Trust in this way is radical and unusual. It is the backbone of our prayers, too. Trust that God hears those who pray, rewards and reveals Himself to those who seek Him, is nearby in times of trouble, walks with us every day even though we can’t feel it, that He knows your needs better than you, that He has a plan, that He will provide for your needs, that He will use all things for good, and so much more. Trust is the thing that calms our hearts and stills our hands. Trust is an action and not merely a feeling. It is something to be practiced and grows when it is put to the limit. Trust is necessary to step out in faith beyond what you might want to do or be comfortable doing. Trust in God is never misplaced, either! He is the one and only thing upon whom you can depend with each and every thing swirling around in your heart and mind and spirit even right now as you read this.
Trust in God needs to be nurtured. Go into your room and close the door, praying the Lord’s prayer line by line, filling in the gaps with your own specific words of praise and petition and thanksgiving, taking as much time as you need.
The hardest thing about trusting God is knowing when to simply leave something in His hands and when to act. The two go together, but not all the time. This takes wisdom and practice, as well as trial and error. That’s OK! Check yourself, though, and be keen to sense when you try to take the reins out of a sense of panic or anxiety over God not living up to His end of the bargain.

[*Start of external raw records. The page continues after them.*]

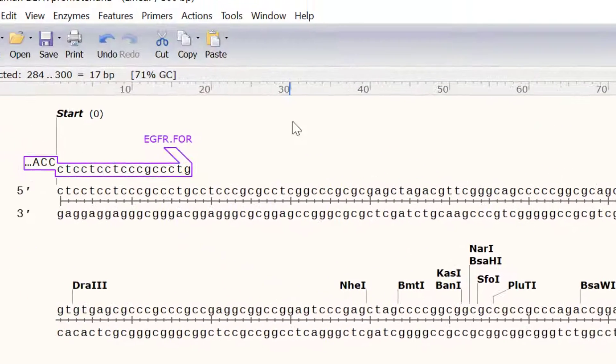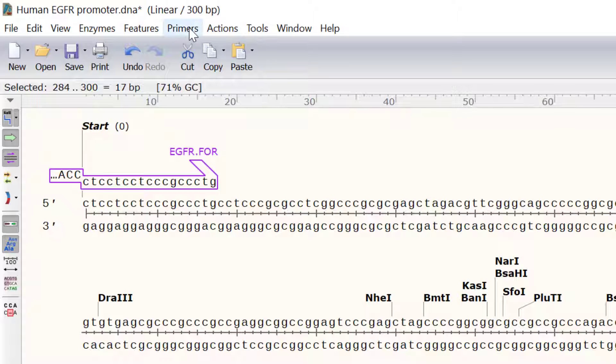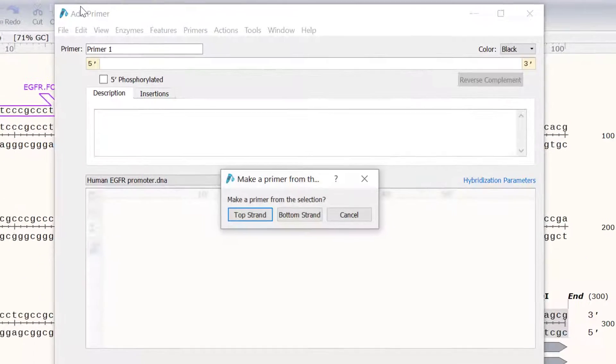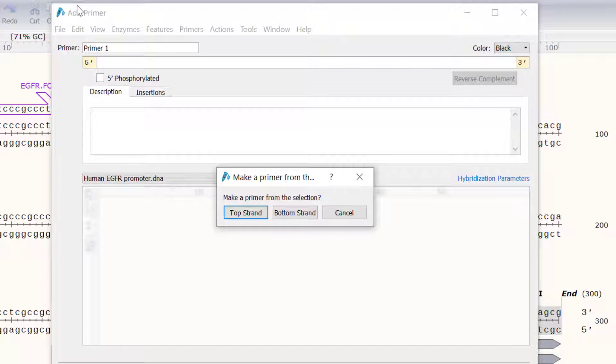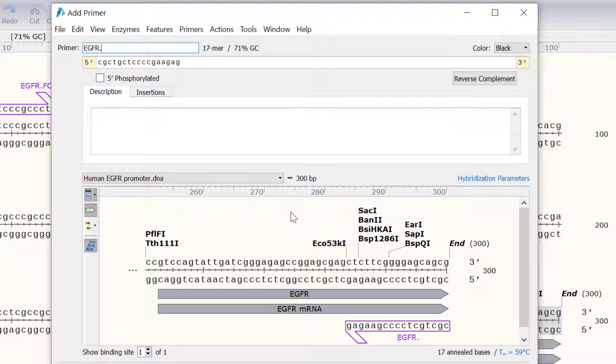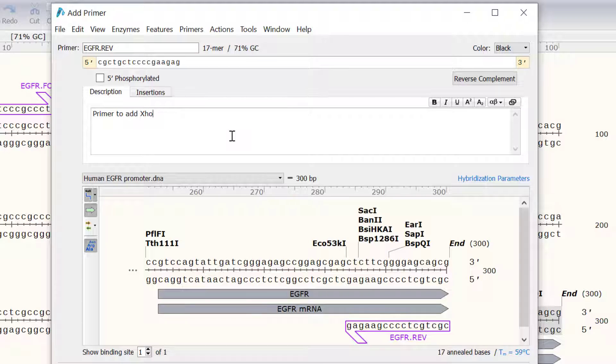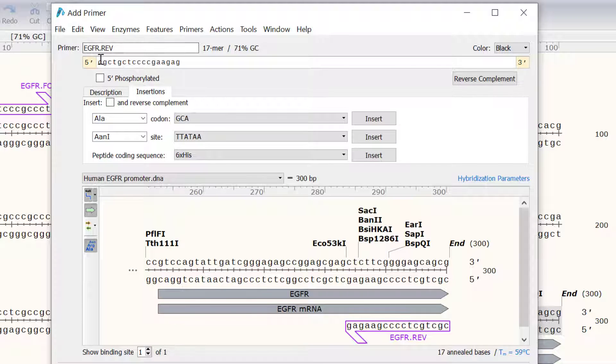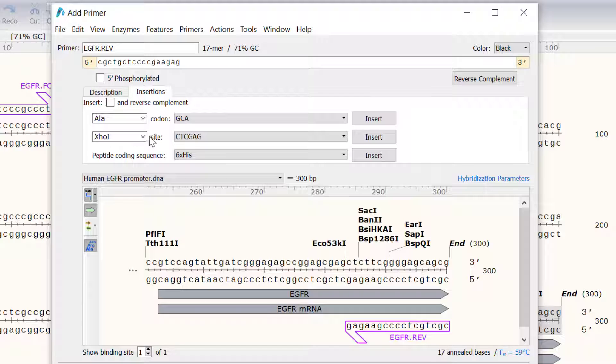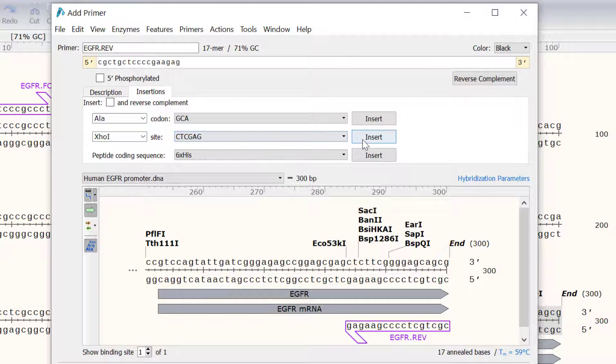Then I will go to Primers, Add Primer. This time I want to make a primer from the bottom strand. I will call this primer egfr.rev and I will also give it a short description. Now I will switch to the insertions tab and click on the beginning of the primer sequence before selecting XHO1 from the drop down menu. As before I will click the insert button to add this site.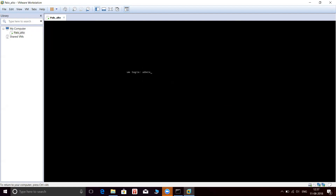Okay, let me try this. The reason for this is because the VM is trying to install all the background processes. Once it is done with that, we'll be able to log in to the firewall. Let's wait for some time. In the meantime, you will see the dynamic IP assigned to the management interface.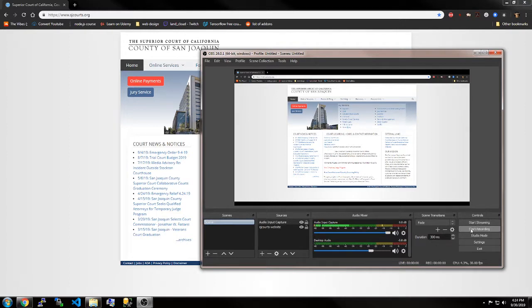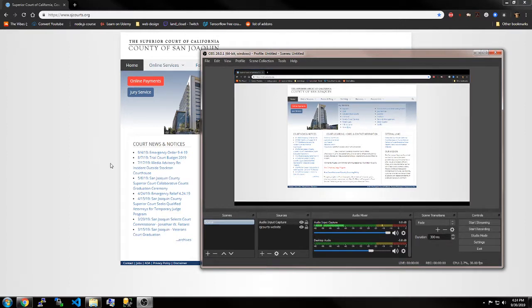And there you go. Press start recording and you've got your window that you're trying to record. It records your mouse as well as your microphone.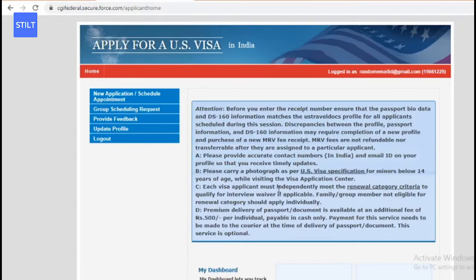Now that's done, you've created a profile. This is your profile number. Make sure that you remember the email ID you used and note down the password you gave for this ID. If you need to log in again to reschedule the appointment or check if a more convenient date is available, you will need those credentials. Make sure you note down the email ID and password, otherwise you'll have to do this process all over again - and since there's payment involved, be cautious.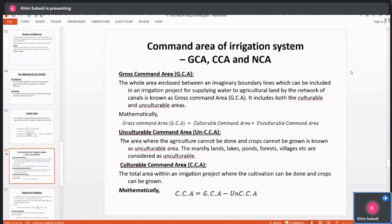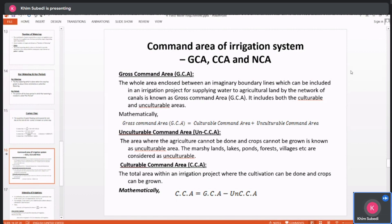In an irrigation project, the area where cultivation can be done is defined by several terms. Gross Command Area (GCA) is the total land area. Culturable Command Area (CCA) is the GCA minus the unculturable area. Net Command Area (NCA) is the area within the region that is actually under agriculture and can be irrigated.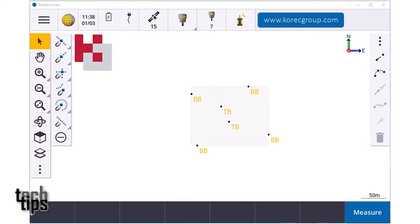Hi and welcome to another video brought to you by Corex Group. My name is Kevin Keenahan and in this video I'm going to show you how to compute a volume from survey points. I'm using Trimble Access 2021.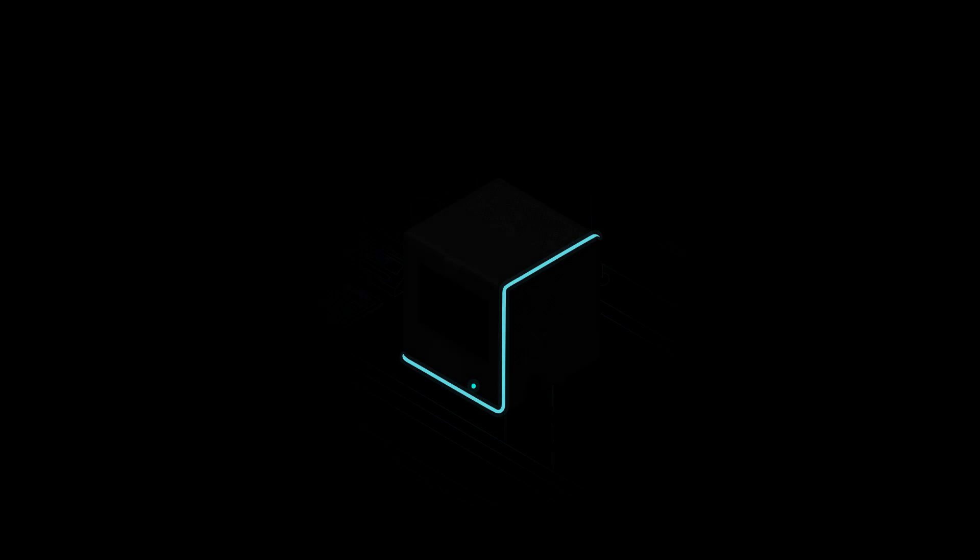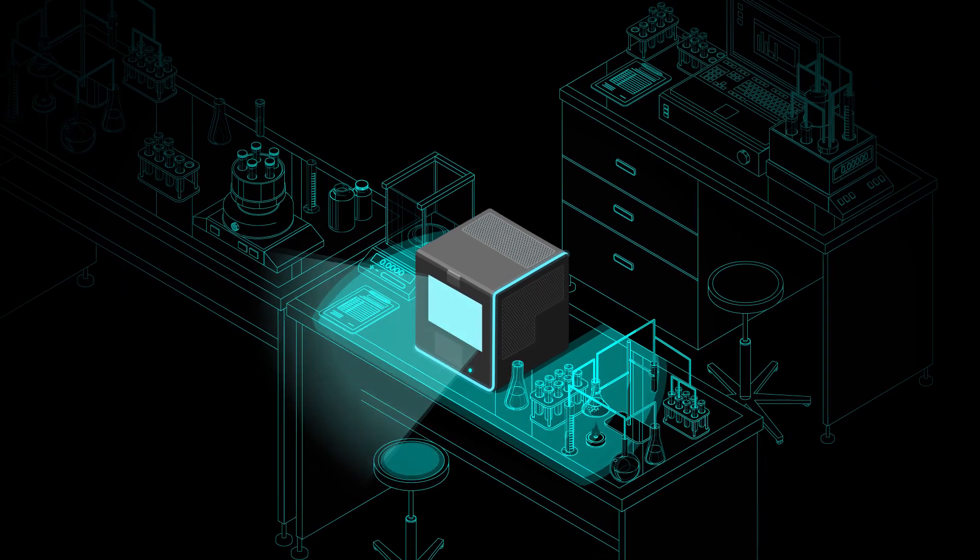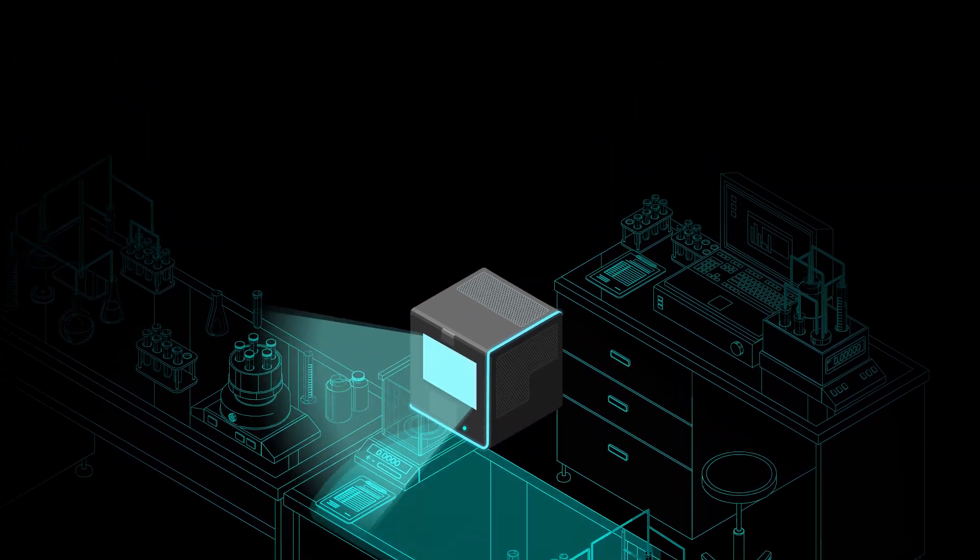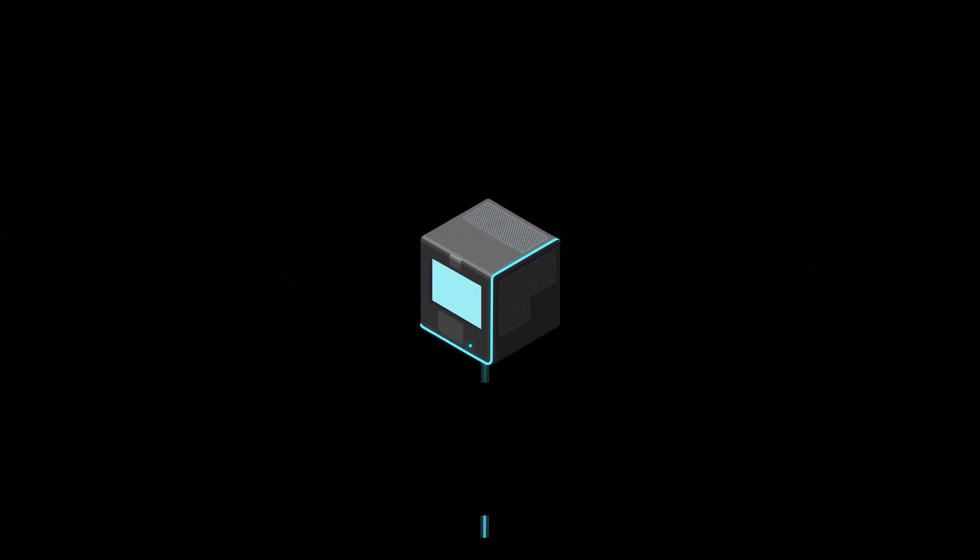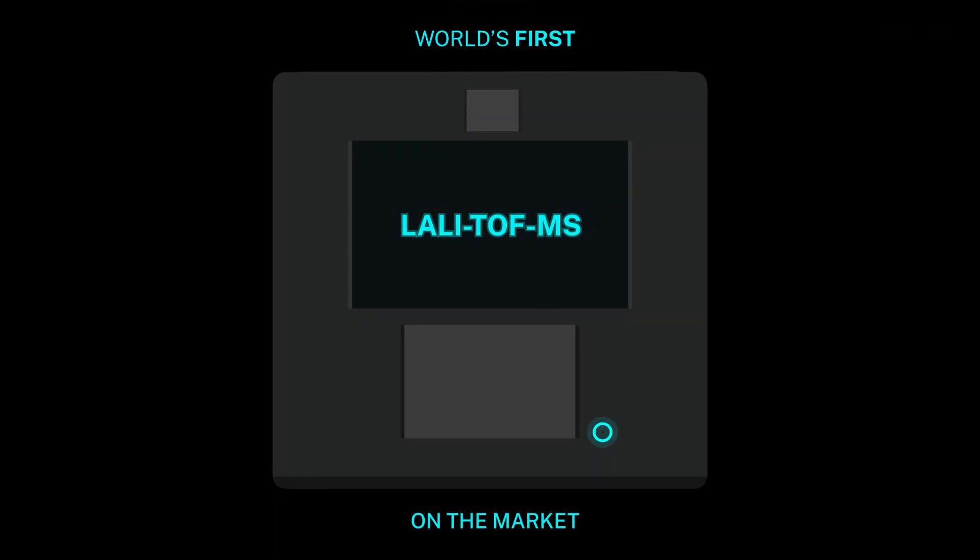What happens when you combine powerful technology with intuitive design? Exum is transforming the scientific instrumentation market with MassBox, the world's first commercially available mass spectrometer using laser ablation laser ionization technology.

When you can honestly and fairly evaluate yourself as having done all that you should, make the conscious decision to leave the result in God’s hands. It takes remaining in the Word and prayer to know what to do in each given situation. Everyone is different, but this rule is in place for all of us: BE STILL AND KNOW THAT I AM GOD. When in doubt, pray it out, and know that before you even say a word, He knows your life, your needs, your sins, your secrets, and yet loves you! Don’t hide from Him, but run to Him and fall in His lap, trusting that He is sovereign. Even though the earth gives way and the mountains are swallowed up, our God is Lord and King forever. Amen!
Our Father, who art in heaven, hallowed be thy name. You are mighty and supreme and the giver of life to us all. You are the God of all things, the saviour and sustainer of the world, yet you know us each by name and beckon each of us to join you at your table. Thank you so much for opening up the way to your kingdom through the life, death, and resurrection of Jesus Christ, that we might run into your presence, hop into the arms of Him who sits on the throne, and let you carry us. Let our hearts begin to trust anew, that we might be an example of living worship to this dying world. Amen.